Spain’s Socialists have taken a first step towards ending weeks of political paralysis by joining by the centrist Ciudadanos party in a bid to form a new coalition government.
The agreement was the first between parties since December’s inconclusive general election, which left Spain without a single-party government for the first time since the return to democracy at the end of the 1970s.
The pact between the Socialist party, which finished second in December’s vote, and Ciudadanos, which came fourth, will still fall well short of the 176 seats needed for a majority in parliament.
Pedro Sanchez, the Socialist leader, accepted a nomination from King Felipe last month to try and form a new government. He faces an investiture vote next week, in which MPs will vote on the prospect of him becoming Prime Minister. The party with the biggest parliamentary block, the centre-right PP, has already said it will vote against the Socialist-Ciudadanos alliance.

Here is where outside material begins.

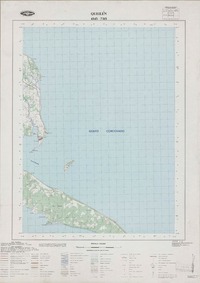 Queilén 4245 - 7315 [material cartográfico] : Instituto Geográfico Militar de Chile.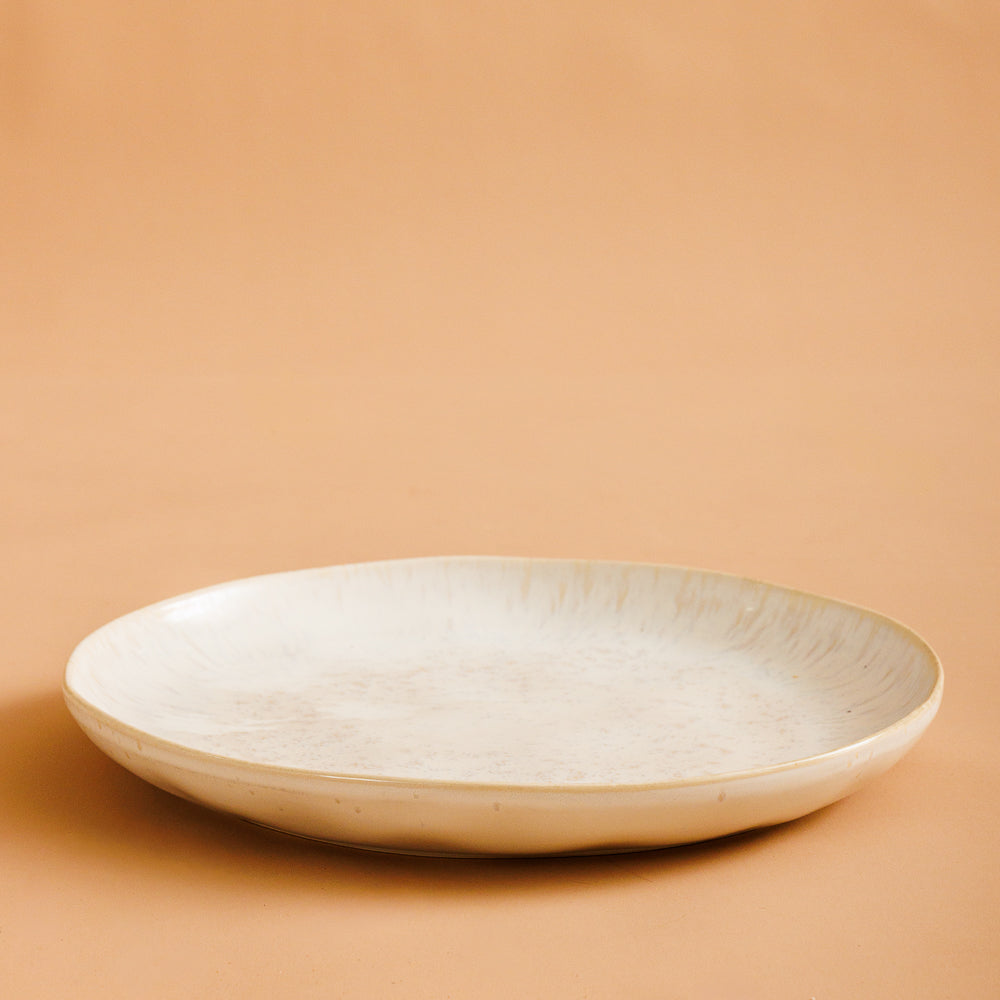 Reactive Dinner Plate Natural-Plates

The agreement between the Socialist and Ciudadanos covers 200 detailed reforms, from reducing VAT on cultural events, to a promise not raise income tax. At a press conference after signing the deal with Mr Sanchez, the Ciudadanos leader Albert Rivera said that the arrangement between the two parties would lead to “a new phase of politics that demands solutions to Spaniards’ main problems”.

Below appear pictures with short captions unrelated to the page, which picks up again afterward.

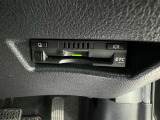 ETC車載器付きです。高速道路の料金所もスムーズに通過できます。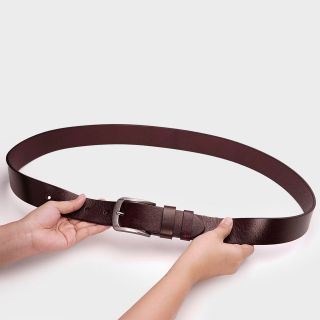 Dây Nịt Nam Da Bò Sang Trọng Cổ Điển T196D28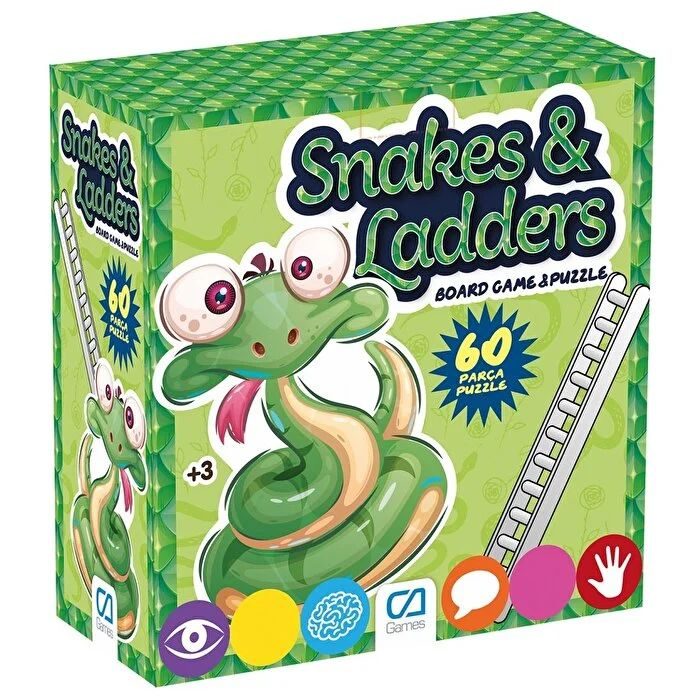 CLZ193  Snakes & Ladders 5157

Mr Sanchez described the pact as “historic” and addressing the shortfall the parties have in parliamentary seats, said “to those who say this deal doesn’t add up, I say they haven’t understood anything, it does add up… it proposes a way of unblocking the political stalemate Spain is in”.
Within hours of the announcement, the PP and Podemos, the leftist group that unexpectedly finished third in December, issued withering assessments. The PP labelled the pact a “waste of time” while Podemos said that Mr Sanchez had “wasted a historic opportunity” by eschewing Podemos’s offer of support last month. Podemos cancelled meetings with the Socialists planned for Wednesday night.
Yet the deal was as much political gamble as an attempt to lay the foundations for a new government. In the weeks after the election, Mariano Rajoy, the PP leader and caretaker Prime Minister, said that only a broad government comprising of his own party, the Socialists and Ciudadanos could continue Spain’s move back to economic growth.